Less than three months to go before their convention and Republicans still don’t get it. There is only one big difference between the parties in the 2016 election:
Do we give it away, or do we make people work for it?
In politics “it” can be a lot of things. It might be higher wages. It could be equality for fringe groups, tax breaks, legal status for immigrants, free health care, free education, or retirement security. “It” can be anything not nailed down that the government can give away.
The question to be answered is what can we offer the have nots who want more?
Democrats have already answered that question. They are comfortable with this sort of thing. It’s what they do best.
Republicans?
The GOP quest for the White House just countered Democratic giveaways with the Cruz-Kasich anti-Trump cabal. This appallingly ill-conceived strategy to hand the 2016 election to Hillary Clinton was trumped by Cruz himself when he announced that Carly Fiorina would be his running mate for a ticket that will likely only happen if the party opts for treachery at the convention.
Why is it so hard for Republicans to settle on a scheme to lose the presidency?
Big difference between the parties needs an answer from the GOP
Republicans can’t come up with a satisfactory retort to the “America should be free” platform. The party doesn’t like to give things away, which means conservatives might have to get used to hearing “President Clinton” for another eight long, agonizing years.
Why are we headed there?
2016 election: is retribution better than handouts?
If social media is any indication of what people are thinking, then this is where the typical conservative head is at:
Obama is still a Muslim.
Hillary should go to jail for Benghazi.
Hillary should go to jail for her emails.
Planned Parenthood should be defunded and punished.
The IRS should be punished or better yet, dissolved.
Obamacare must be revoked in its entirety.
… and so on and so forth.
There is not much new to be found. Conservative ideology is so stalled that old resentments are all we have to cling to. The Benghazi scandal began back in September 2012. Efforts to repeal Obamacare have become a laughable partisan embarrassment. Conservatives have been trying to find a reason to charge Hillary with something, anything, for years. Before she rose to the forefront they had her husband Bill to punish. The party failed to get that done, too.
Retribution is the message the conservative political front offers. Even House Republicans, probably the largest conservative voice to the nation, are obsessed with redressing grievances instead of getting out a message Americans can buy into.
What were they up to last week? Instead of another pointless vote to repeal Obamacare, the conservative House shifted its sights to the IRS again by voting on bills to hold the agency accountable:
“Today, the House took action to give the American people peace of mind and confidence to live their lives,” said [Cathy] McMorris Rodgers. “Families and job creators in every corner of this country are frustrated by an IRS putting itself first, the people second. It’s time to say enough is enough.1
After repeated failures to repeal the Affordable Care Act, something Republicans are still promising on the campaign trail, the only message this kind of action sends out is one of failure. The Lerner scandal is over. Republicans proved they were powerless against our nation’s taxing agency. How much time is the GOP going to spend on this failed strategy of voting on hot buttons that never, ever go anywhere?
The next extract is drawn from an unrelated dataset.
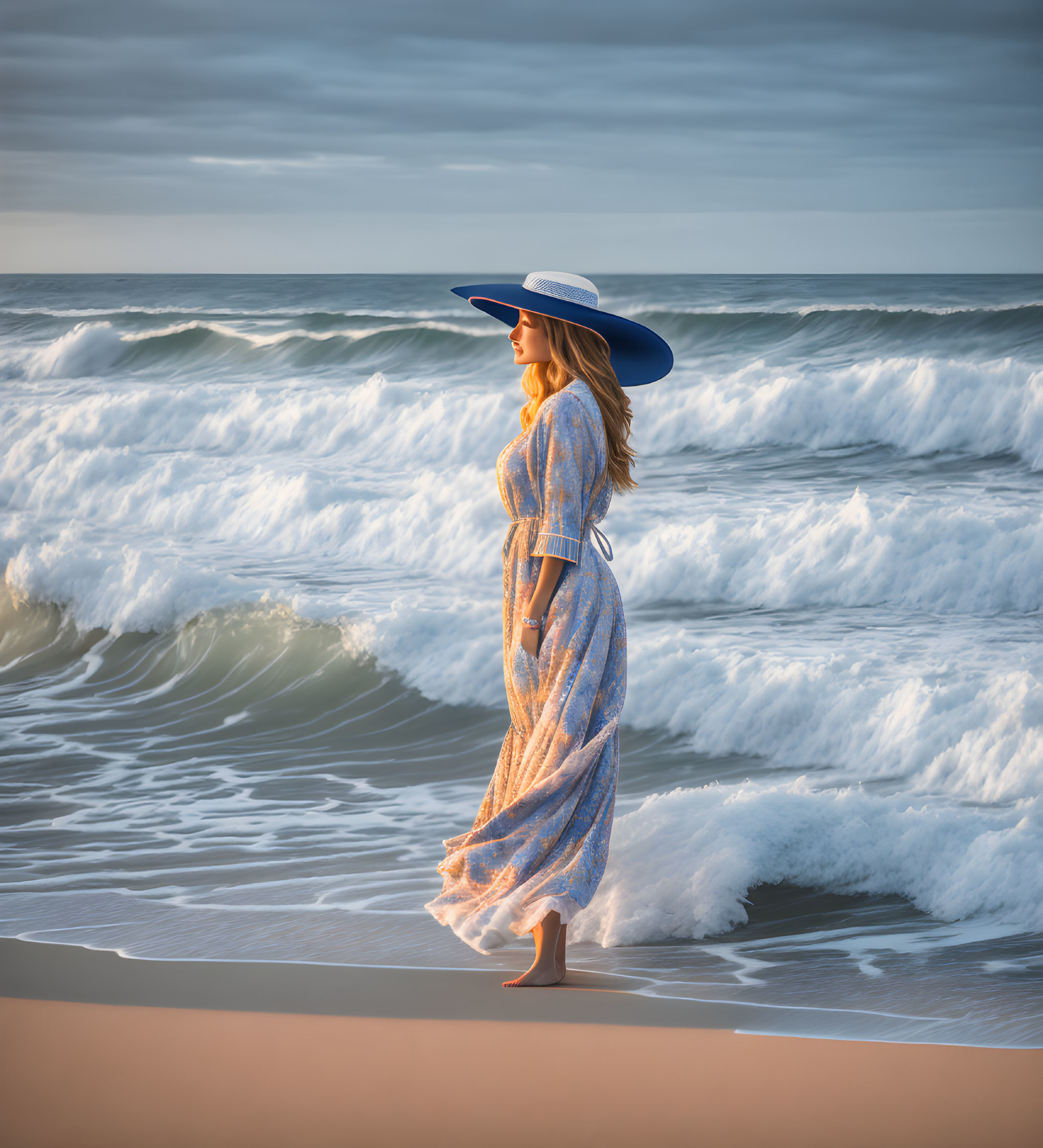 Woman in flowing dress and wide-brimmed hat by the sea under sunlight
A lot, or so it seems. Worse, the Republican determination to fail stretches all the way to the White House.
Simple message for simple folk
Voters have heard about Donald Trump’s plans to wall us off from Mexico and to take away their Obamacare. His suggestion that we remove illegals aroused furor in the left, which is so eager to find more people to give things to that citizenship no longer matters. Trump’s plans for tax reform are a lot less well known than the simple giveaways endorsed by Clinton and Bernie Sanders.
What America does know is that the Republican Party elite don’t want Trump in the White House.
Democrats are smarter. They know that a lot of the families McMorris Rodgers mentioned are getting tax refunds. They only care about the IRS because they want it to raise taxes and pass out more and larger refunds, or at least that’s what the House’s liberal left caucus wants us to believe:
House Democrats want to pass bold, concrete initiatives to jumpstart the middle class and those working to get into the middle class. Our three-pronged plan will grow the middle class with good jobs, support for women and education that is more affordable and accessible for working families. House Democrats’ agenda: Putting the middle class above the special interests.2
While Republicans look for targets to punish including their own Donald Trump, Hillary Clinton makes her party’s message easy for simple folk to understand.
She wants to give America a raise.3
Everyone likes raises.
Is anger a big vote getter?
The first thing I saw when I turned on my computer on Sunday morning was a picture of Christ nailed to a dartboard followed by the usual litany of Benghazi, IRS, email server, and “Obama is a Muslim” rants.
Republicans are angry and offended. They are out for liberal blood and even a little of their own, thanks to dissent over Trump. Being angry and offended doesn’t win elections. Offering things wins elections.
The big difference between the parties in the 2016 election is that the GOP isn’t offering anything except its own unresolved anger and frustration.
Updated April 28, 2016: Cruz-Fiorina reference added.